> **Data extract**
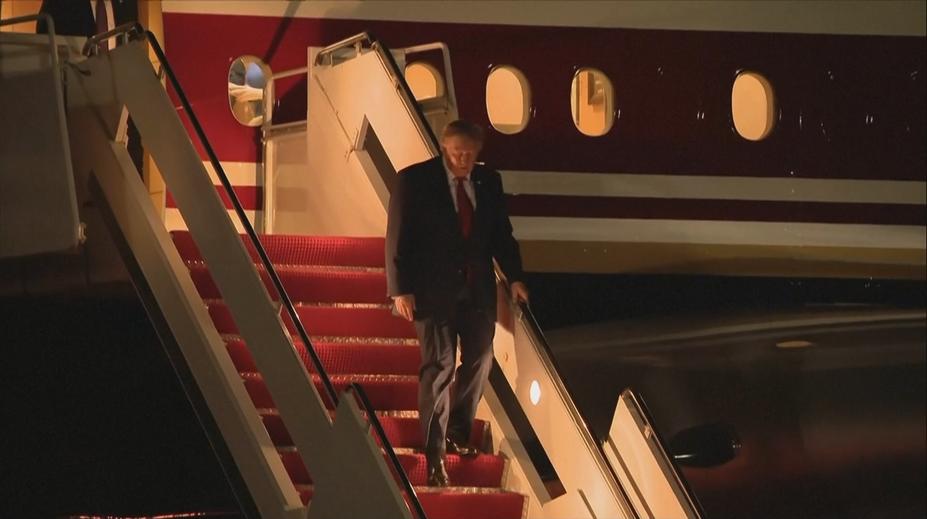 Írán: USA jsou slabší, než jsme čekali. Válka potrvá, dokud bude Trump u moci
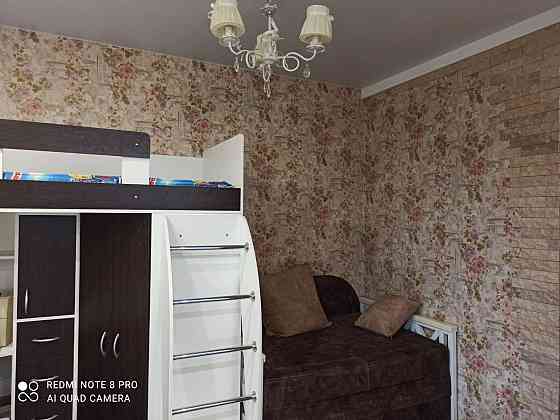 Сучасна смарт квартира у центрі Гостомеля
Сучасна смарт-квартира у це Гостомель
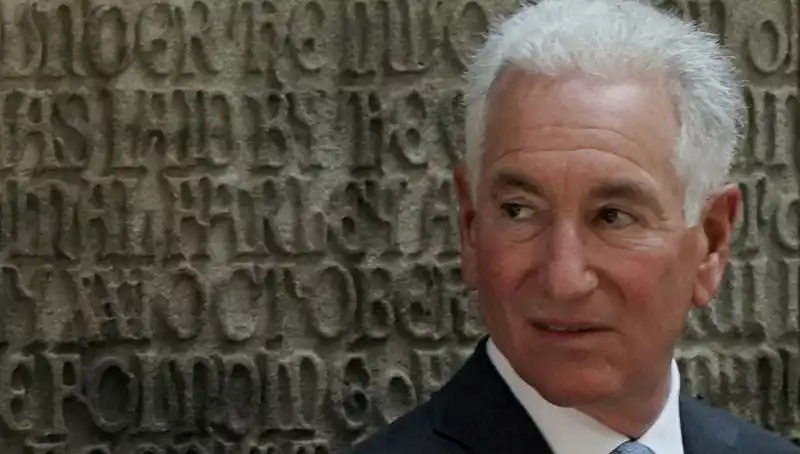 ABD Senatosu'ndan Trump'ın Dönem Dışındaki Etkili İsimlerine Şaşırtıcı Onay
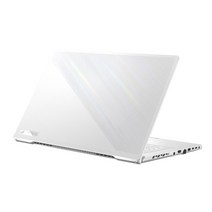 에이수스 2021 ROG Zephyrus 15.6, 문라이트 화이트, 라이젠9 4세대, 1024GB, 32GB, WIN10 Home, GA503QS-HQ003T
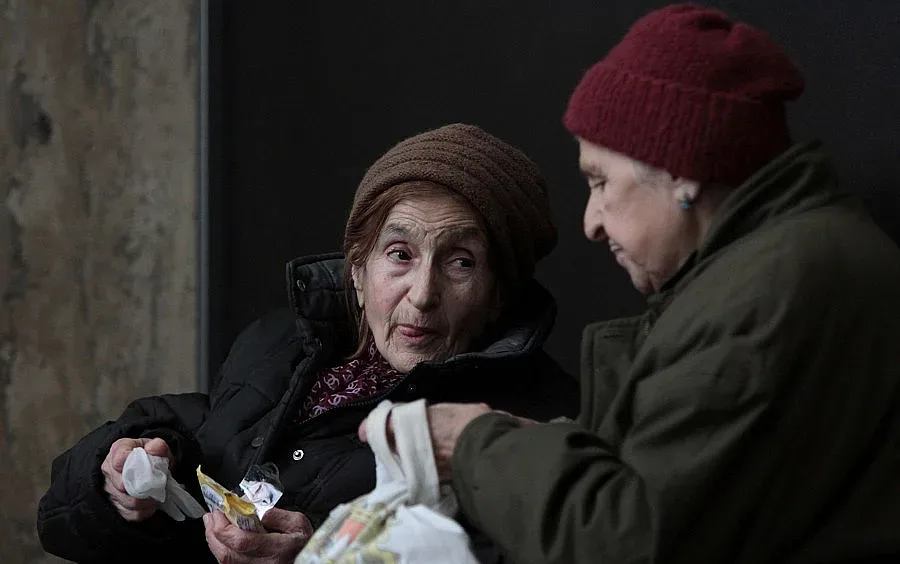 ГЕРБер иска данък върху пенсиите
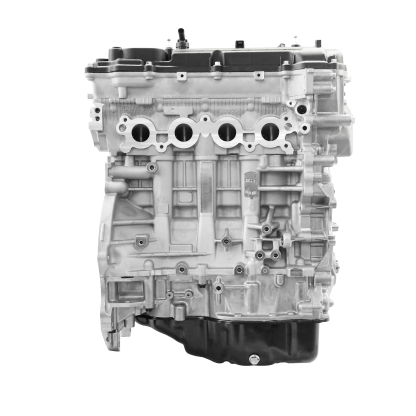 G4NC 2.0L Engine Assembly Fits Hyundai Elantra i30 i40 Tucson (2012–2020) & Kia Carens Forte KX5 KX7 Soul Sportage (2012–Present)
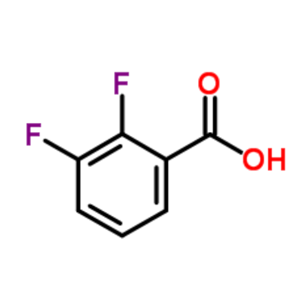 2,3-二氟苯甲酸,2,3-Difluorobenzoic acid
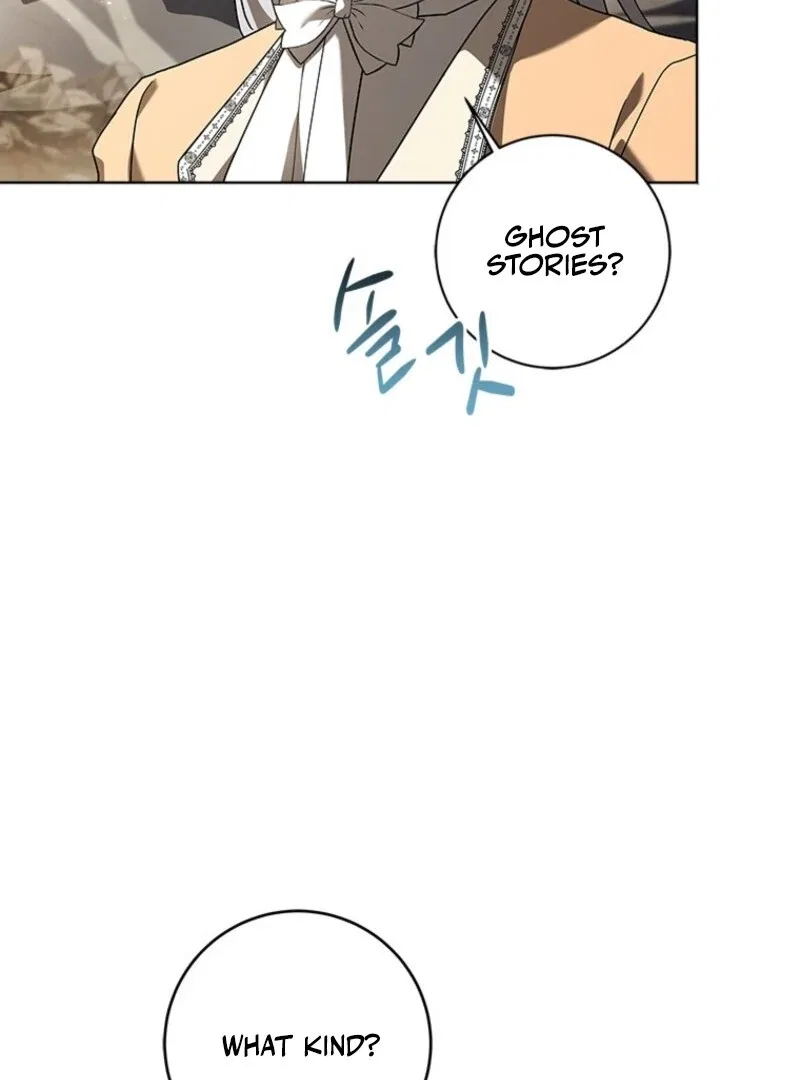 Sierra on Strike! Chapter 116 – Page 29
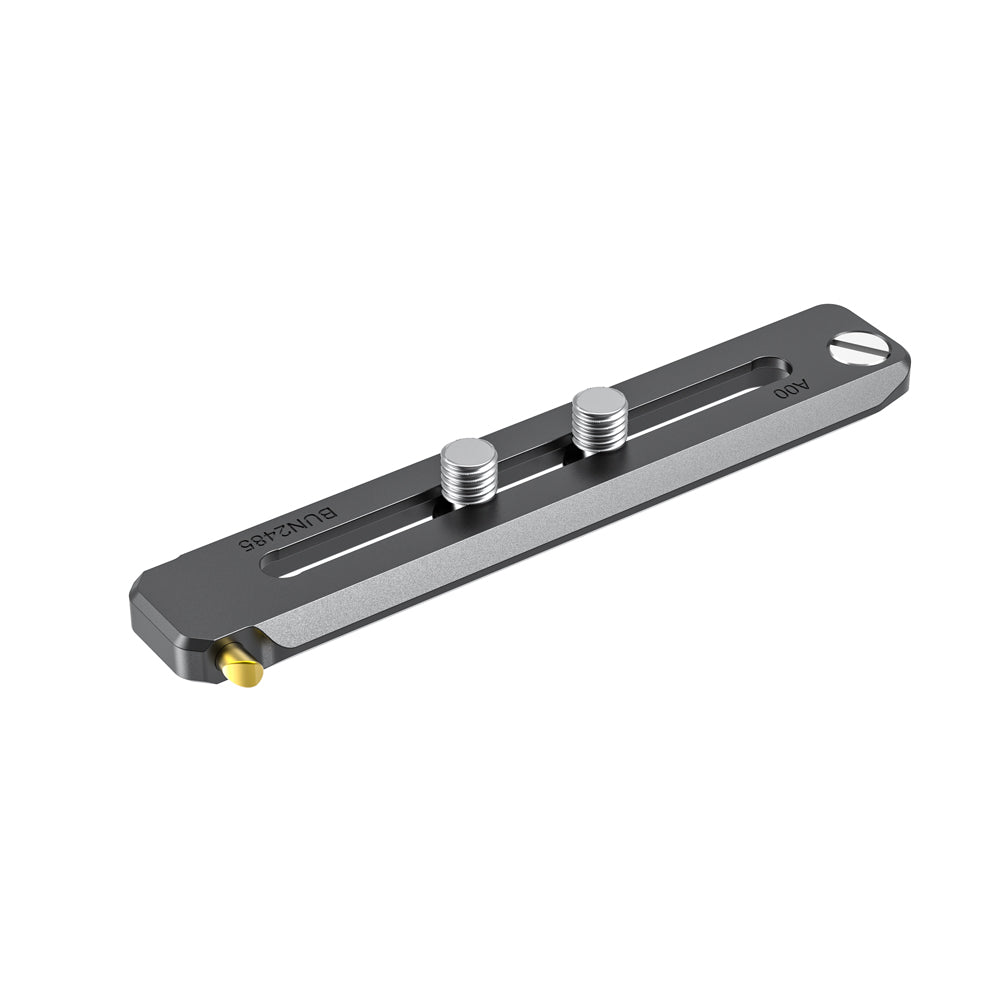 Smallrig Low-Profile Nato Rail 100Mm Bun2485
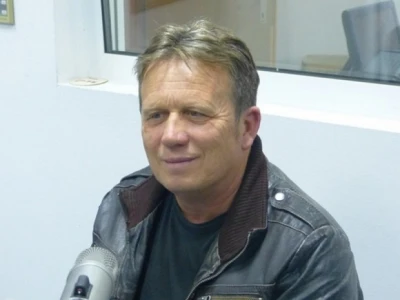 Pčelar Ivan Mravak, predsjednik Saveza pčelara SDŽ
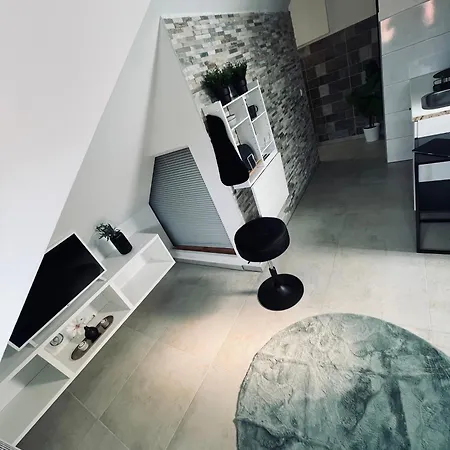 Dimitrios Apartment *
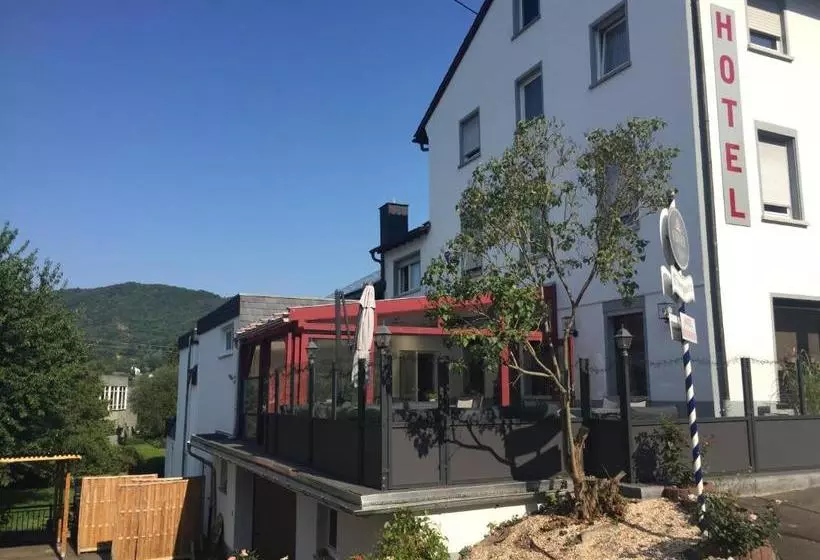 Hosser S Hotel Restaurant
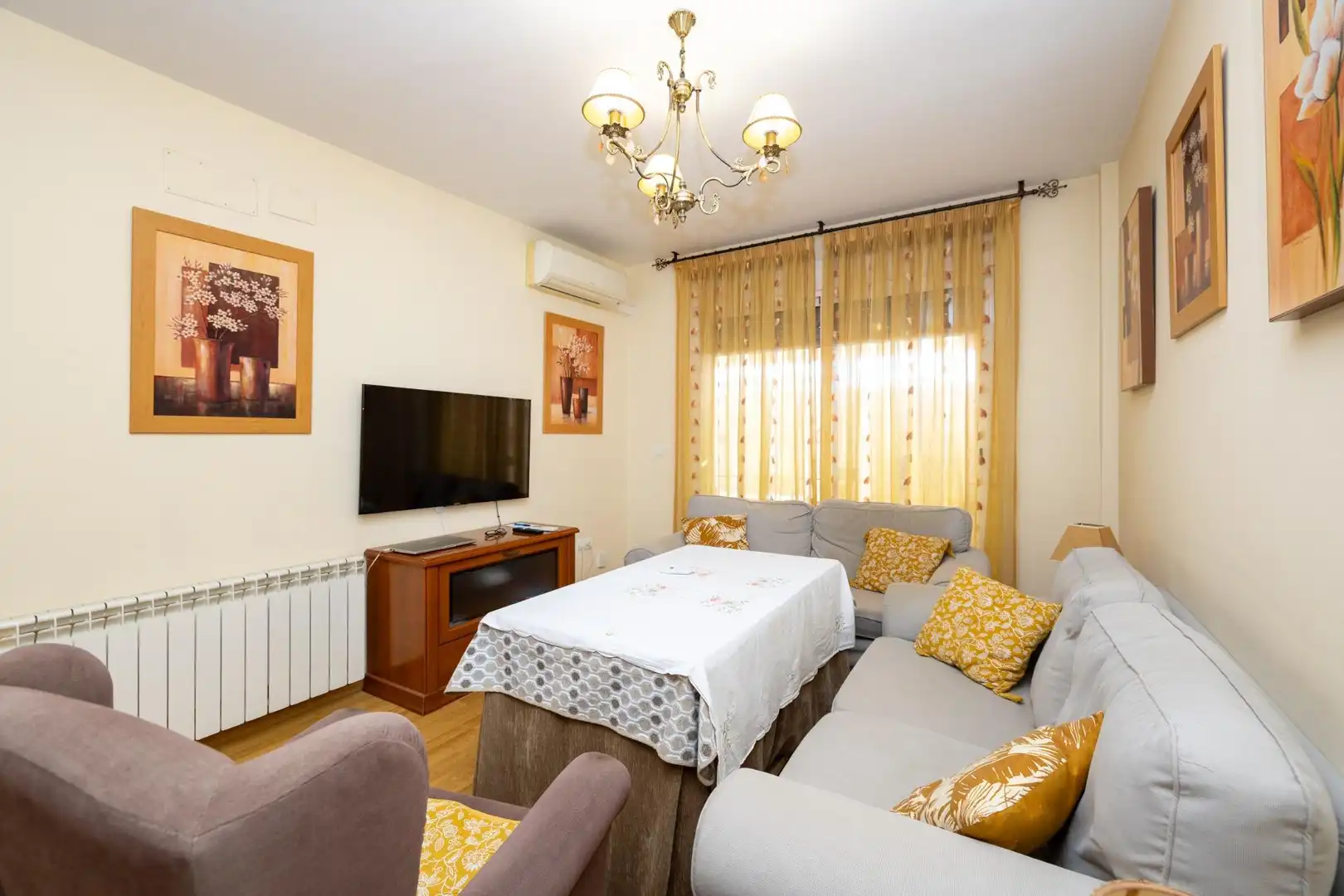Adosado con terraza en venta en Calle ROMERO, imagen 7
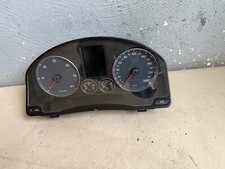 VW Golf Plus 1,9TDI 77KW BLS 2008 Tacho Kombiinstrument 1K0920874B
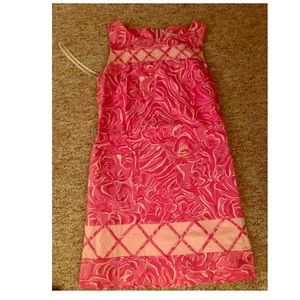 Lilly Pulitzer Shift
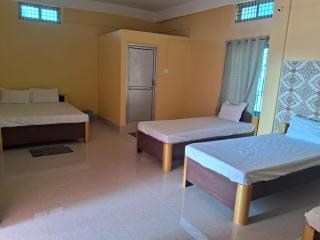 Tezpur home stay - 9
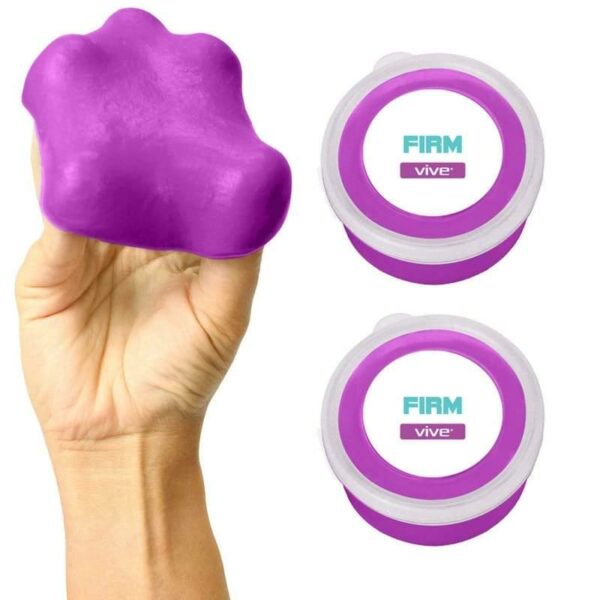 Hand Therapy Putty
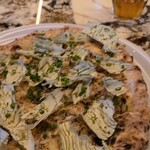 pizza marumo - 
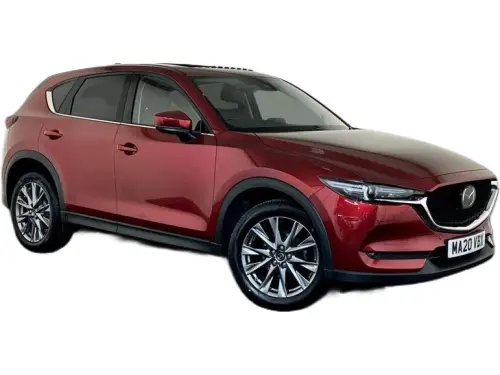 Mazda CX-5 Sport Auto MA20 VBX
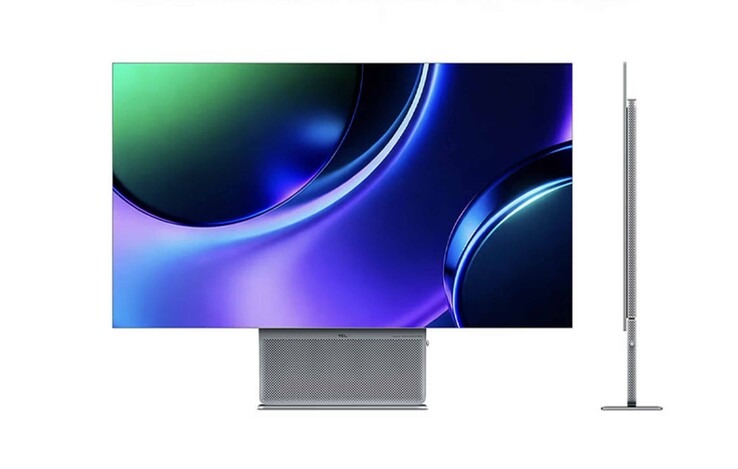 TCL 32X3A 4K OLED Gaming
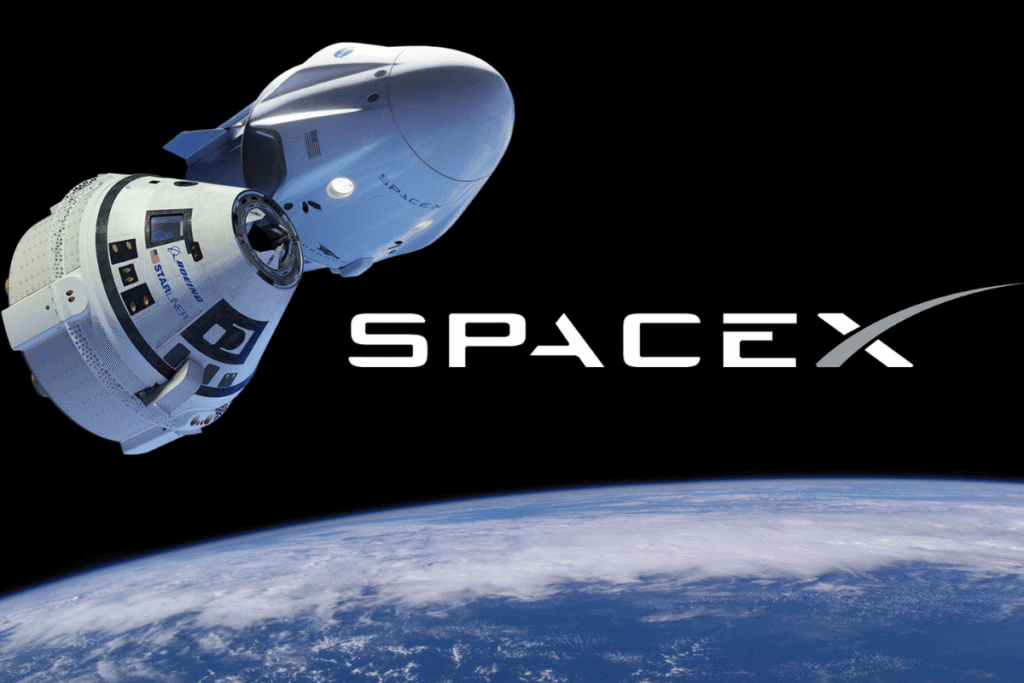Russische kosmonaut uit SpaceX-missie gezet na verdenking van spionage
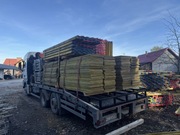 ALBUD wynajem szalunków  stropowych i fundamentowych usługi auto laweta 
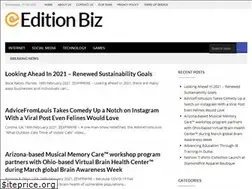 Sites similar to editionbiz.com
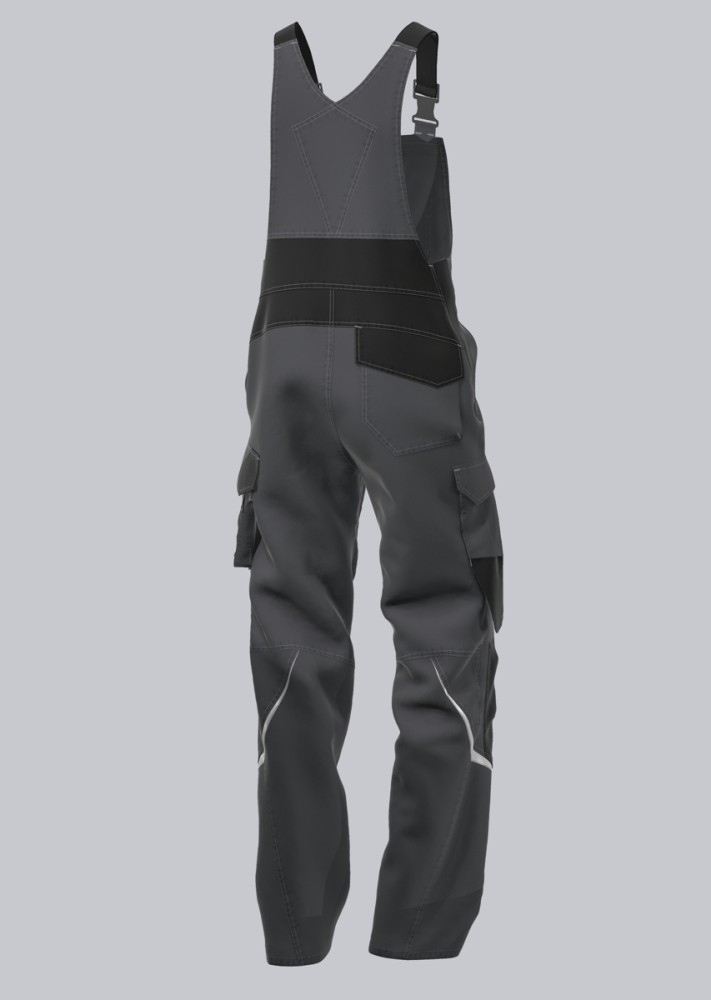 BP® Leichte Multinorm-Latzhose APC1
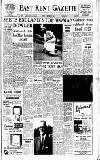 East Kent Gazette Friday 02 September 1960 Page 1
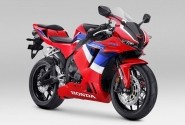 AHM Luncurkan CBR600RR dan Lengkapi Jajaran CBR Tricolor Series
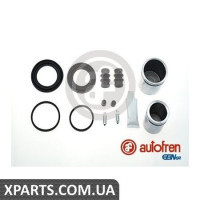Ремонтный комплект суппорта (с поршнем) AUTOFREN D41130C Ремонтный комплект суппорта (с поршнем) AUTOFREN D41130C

> **Instructions to follow**
Reproduce exactly, without any picture, the lines from the one bearing "Mazda CX-5 Sport Auto MA20 VBX" to the last line of the records above.

> **Answer space**
 Mazda CX-5 Sport Auto MA20 VBX
 TCL 32X3A 4K OLED Gaming
Russische kosmonaut uit SpaceX-missie gezet na verdenking van spionage
 ALBUD wynajem szalunków  stropowych i fundamentowych usługi auto laweta 
 Sites similar to editionbiz.com
 BP® Leichte Multinorm-Latzhose APC1
 East Kent Gazette Friday 02 September 1960 Page 1
 AHM Luncurkan CBR600RR dan Lengkapi Jajaran CBR Tricolor Series
Ремонтный комплект суппорта (с поршнем) AUTOFREN D41130C Ремонтный комплект суппорта (с поршнем) AUTOFREN D41130C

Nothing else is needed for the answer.